During the upcoming presidential election, these two issues will be the most divisive. They will have the greatest impact on public sentiment. Tsai Ing-wen is a candidate for president. She cannot refuse to state her position on these questions. Tsai Ing-wen is often reluctant to say whether she would demand the "rectification of names" and the authoring of a new constitution. She ducks such questions by saying they should be "turned over to the democratic process for discussion." But the presidential election is precisely when these questions should be "turned over to the democratic process for discussion." Ma Ying-jeou and Tsai Ing-wen must clearly state their positions on these two questions.

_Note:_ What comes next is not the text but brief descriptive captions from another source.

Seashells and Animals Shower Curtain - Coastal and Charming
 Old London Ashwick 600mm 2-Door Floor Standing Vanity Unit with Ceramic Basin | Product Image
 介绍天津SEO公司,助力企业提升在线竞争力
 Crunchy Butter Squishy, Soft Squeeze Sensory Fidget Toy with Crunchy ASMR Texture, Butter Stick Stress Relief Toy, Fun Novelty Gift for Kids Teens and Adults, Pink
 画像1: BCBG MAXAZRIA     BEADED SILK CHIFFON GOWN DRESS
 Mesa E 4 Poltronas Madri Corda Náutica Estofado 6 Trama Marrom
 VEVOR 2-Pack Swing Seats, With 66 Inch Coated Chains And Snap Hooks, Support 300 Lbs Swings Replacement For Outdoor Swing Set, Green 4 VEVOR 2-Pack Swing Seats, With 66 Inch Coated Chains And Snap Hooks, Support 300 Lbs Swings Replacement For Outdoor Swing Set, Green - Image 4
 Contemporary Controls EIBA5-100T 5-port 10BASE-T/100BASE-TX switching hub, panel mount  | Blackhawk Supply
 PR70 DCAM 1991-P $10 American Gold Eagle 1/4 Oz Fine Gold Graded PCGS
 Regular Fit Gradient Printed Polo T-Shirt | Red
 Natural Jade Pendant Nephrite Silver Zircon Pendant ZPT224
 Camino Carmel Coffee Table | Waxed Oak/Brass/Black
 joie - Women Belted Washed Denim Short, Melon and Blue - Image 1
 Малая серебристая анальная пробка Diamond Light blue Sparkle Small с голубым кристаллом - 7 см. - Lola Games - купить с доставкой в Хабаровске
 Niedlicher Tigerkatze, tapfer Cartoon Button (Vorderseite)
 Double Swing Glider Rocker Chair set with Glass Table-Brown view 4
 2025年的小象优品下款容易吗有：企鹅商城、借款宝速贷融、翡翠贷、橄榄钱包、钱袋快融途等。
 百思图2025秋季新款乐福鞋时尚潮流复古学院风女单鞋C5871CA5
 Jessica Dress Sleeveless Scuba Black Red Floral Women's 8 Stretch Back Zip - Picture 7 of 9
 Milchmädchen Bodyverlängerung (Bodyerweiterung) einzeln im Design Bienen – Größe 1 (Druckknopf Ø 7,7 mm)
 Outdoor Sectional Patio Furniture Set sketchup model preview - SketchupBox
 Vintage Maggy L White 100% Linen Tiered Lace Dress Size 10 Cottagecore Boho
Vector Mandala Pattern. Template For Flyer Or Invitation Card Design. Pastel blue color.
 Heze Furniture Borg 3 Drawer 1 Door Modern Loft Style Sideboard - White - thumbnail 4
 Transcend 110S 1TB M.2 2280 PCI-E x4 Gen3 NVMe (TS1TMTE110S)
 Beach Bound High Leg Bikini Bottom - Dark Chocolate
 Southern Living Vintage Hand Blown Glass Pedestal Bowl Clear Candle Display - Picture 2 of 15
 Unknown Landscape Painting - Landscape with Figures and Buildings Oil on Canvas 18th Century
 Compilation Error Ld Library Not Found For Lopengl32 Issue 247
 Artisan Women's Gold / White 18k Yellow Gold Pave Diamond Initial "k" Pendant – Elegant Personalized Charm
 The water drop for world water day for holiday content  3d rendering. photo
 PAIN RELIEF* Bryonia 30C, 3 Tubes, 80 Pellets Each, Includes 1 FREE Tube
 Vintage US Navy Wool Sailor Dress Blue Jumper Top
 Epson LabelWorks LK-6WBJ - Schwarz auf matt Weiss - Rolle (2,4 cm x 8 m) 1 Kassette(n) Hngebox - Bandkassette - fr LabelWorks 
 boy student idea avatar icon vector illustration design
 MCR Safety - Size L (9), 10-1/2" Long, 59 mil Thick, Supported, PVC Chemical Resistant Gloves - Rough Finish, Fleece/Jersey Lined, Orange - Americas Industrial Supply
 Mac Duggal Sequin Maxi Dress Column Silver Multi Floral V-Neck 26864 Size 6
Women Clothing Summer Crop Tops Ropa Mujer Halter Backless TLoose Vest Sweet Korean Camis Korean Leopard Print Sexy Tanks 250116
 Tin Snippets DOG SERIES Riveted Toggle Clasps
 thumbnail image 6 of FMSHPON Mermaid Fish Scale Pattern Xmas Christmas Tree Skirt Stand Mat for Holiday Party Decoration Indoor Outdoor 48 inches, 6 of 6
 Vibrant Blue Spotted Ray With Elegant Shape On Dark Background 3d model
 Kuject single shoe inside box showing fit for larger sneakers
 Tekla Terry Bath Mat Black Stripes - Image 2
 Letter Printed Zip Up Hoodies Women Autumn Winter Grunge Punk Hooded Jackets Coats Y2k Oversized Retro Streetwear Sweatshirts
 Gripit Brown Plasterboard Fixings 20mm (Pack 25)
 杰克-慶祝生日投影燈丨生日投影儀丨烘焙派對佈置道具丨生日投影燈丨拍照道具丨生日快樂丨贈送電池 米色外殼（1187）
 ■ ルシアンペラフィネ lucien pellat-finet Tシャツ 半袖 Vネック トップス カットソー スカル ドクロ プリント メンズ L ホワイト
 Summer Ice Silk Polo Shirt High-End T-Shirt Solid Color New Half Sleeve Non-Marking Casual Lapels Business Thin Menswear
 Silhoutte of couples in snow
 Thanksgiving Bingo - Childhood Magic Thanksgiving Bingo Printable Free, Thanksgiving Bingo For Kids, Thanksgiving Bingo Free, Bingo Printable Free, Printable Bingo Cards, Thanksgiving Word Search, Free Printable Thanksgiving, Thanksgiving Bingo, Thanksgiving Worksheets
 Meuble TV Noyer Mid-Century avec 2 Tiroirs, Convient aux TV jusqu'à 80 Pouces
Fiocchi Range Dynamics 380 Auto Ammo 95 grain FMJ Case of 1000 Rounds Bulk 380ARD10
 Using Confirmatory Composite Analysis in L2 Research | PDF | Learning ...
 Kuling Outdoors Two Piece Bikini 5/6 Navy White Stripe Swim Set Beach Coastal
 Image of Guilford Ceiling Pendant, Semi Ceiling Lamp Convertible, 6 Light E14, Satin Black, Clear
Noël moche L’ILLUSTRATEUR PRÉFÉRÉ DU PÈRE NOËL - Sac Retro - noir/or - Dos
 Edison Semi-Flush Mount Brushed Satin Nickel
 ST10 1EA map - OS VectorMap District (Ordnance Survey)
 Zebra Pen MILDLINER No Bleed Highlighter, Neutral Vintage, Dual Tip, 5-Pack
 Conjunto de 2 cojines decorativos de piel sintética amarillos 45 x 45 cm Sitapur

The electorate can then express its feelings during the election. If Tsai Ing-wen refuses to provide answers before the election, she is in effect refusing to take part in the election.
Tsai Ing-wen is attempting to appeal to both the Green Camp and to swing voters. Does she intend to pardon Chen Shui-bian and accept the 1992 Consensus? Those are the most divisive issues for Green Camp and swing voters. Tsai Ing-wen hopes to win over both groups by refusing to answer. But in the event she is elected, she will have to. No matter how "President Tsai" answers, one of the two groups will feel betrayed and disappointed. She will no longer be able to stonewall. For example, if she pardons Chen Shui-bian, will swing voters find it intolerable? If she refuses to pardon Chen Shui-bian, will the Green Camp forgive her? And if Chen Shui-bian, who advocates "one nation on each side," is released from prison, will he permit "President Tsai" a single moment's peace? The 1992 Consensus has far reaching consequences. Therefore, she must state her position before the election.
Tsai Ing-wen must answer both these questions in the event she is elected. Therefore she must answer both these questions prior to the election. If voters agree with her positions, her rule will acquire some degree of legitimacy. If she evades these questions, she will not receive public endorsement during the election. If she attempts to flip-flop following the election, based on which way the wind is blowing, her rule will lack legitimacy. The nation will be torn apart. Relations with the Mainland will weakened. The consequences will be disastrous.
Tsai Ing-wen must provide clear answers to both these questions, before the presidential election, That alone is rational and responsible. The public must not permit her to continue obfuscating.